Von einer menschlichen Warte aus wirkt das natürlich brutal, aber so funktioniert das Leben nun einmal. Nicht weniger düster erscheint uns deshalb Charles Darwins Theorie von 1859, dass Evolution sich durch natürliche Selektion vollziehe. Die Formulierung »natürliche Selektion« ist im Übrigen durchaus wesentlich. Denn schon zu Darwins Zeiten waren in der Naturforscher-Community Veränderungen innerhalb der Spezies ein großes Thema. Allerdings führten die Wissenschaftler dafür die sogenannte Transmutation ins Feld.
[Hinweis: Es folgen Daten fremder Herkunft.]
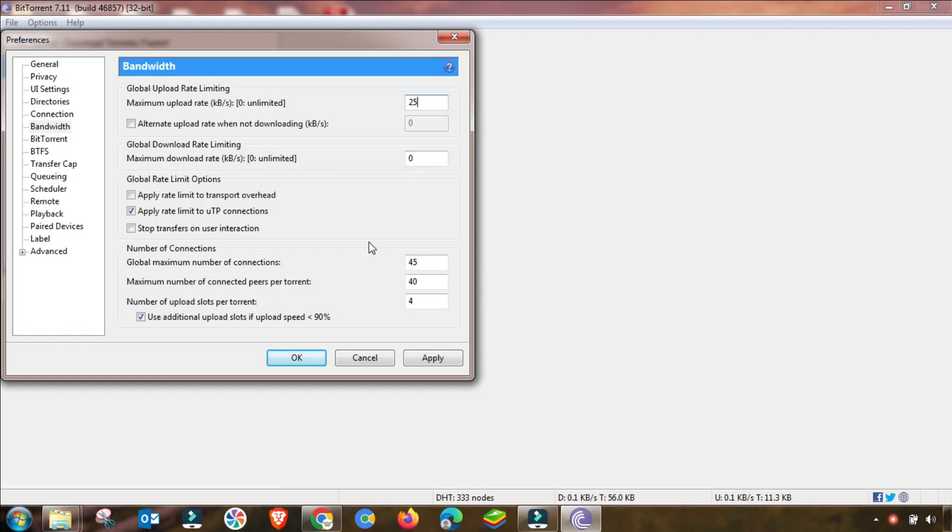Download speed remains up to zero, which means unlimited. And here is some setting that you must have to follow. Apply this setting.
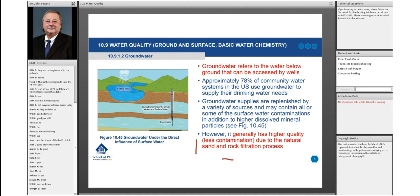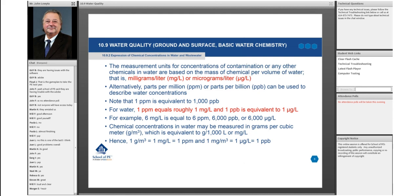Groundwater is constantly being replenished and technically tends to be a higher quality water. It's the most widely used source because you have less contamination — both from chemicals and from biological threats. When we talk about biological contamination, we're talking about things like cryptosporidium, which comes from warm-blooded animals through their feces and that type of thing.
Das Umwälzende an Darwins Erkenntnissen war indes, dass er die genauen Mechanismen benannte: Die verschiedenen Spezies zeugen typischerweise mehr Nachfahren als überleben, dieser Nachwuchs weist unterschiedliche Eigenschaften auf, und nur derjenige überlebt, pflanzt sich fort und gibt seine Gene weiter, dessen Eigenschaften besser an die Umweltbedingungen angepasst sind. Genau so entwickelt sich eine Spezies: indem sie sich der Umwelt anpasst und mit Fressfeinden umzugehen lernt. Im Lauf dieses Prozesses muss zwangsläufig eine große Menge schlecht angepasster Exemplare den Weg alles Irdischen gehen.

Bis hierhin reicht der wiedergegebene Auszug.